Tuesday 22 April 2008

The long term SEO view

If you can't rely on them, then why should you try to rank highly with search engines? Well for a start, if will probably give yougood amounts of traffic, if only in the short term. And if you are able to do these changes yourself - that's effectively free.

But I mentioned yesterday that search engines change over time. How's it best to cope there? Simply subscribe to blogs like this and dedicated SEO blogs. We'll tell you what, in our opinions, are working well. I've tried a few SEO experiments in the past within this blog and they continue to run.

The aim of SEO should be to work with, not against, search engines. People have tried all sorts of spamming techniques in the past and been caught out. If the website isn't banned, then the technique is at the very least ignored.

So instead look at what search engines are trying to achieve. They are wanting to give their visitors the best possible results. These will be pages that give them the answers they are looking for and maybe somewhere to dig further into as the same time. If I'm researching a new fish for my tank I like to find an overview of that fish. If that page is interesting and informative and links to other sites then I'm likely to follow those links.
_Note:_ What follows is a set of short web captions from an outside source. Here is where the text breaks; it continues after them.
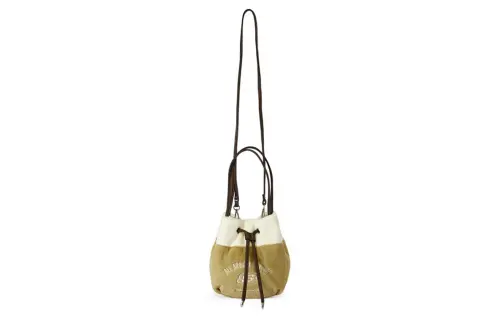 Skechers Fashion Minimalist Style Fleece Lined Fabric Portable Crossbody Bag, Shoulder Bag Regular Unisex Dark Khaki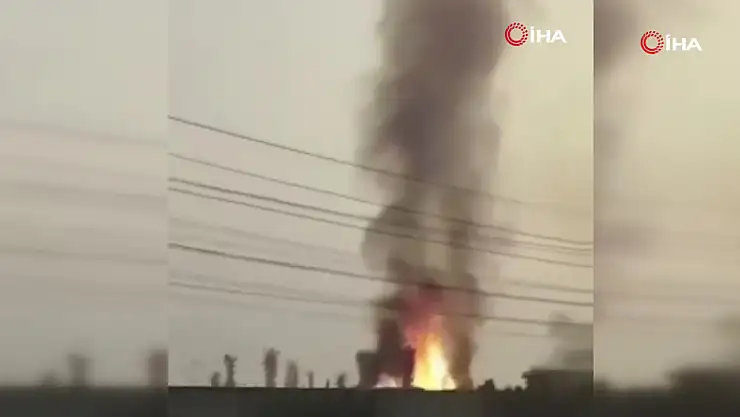 İsrail, İran'da Doğalgaz Sahasını Vurdu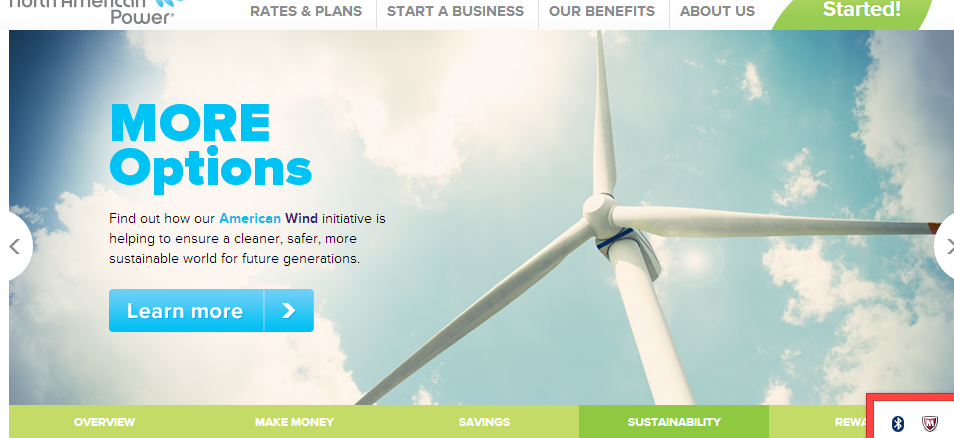 Wind Power = Less Carbon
If the result is a forum, then I take what I read with a pince of salt, especially when the results link to the poster's own websites. Then I frequently ignore the links.

And this is what Google is starting to do. A link on a well structured content page will carry much more weight than a link on a forum page. Why - because in the first page the link has (probably) been loaded by the site owner after they have found the page interesting. In the second case, it's the owner of the linked-to page that has put the link up, not because it is necessarily good, but because they want more traffic.

This shows just one way that search engines are trying to copy what we as visitors actually experience. By thinking through you can see what is really needed.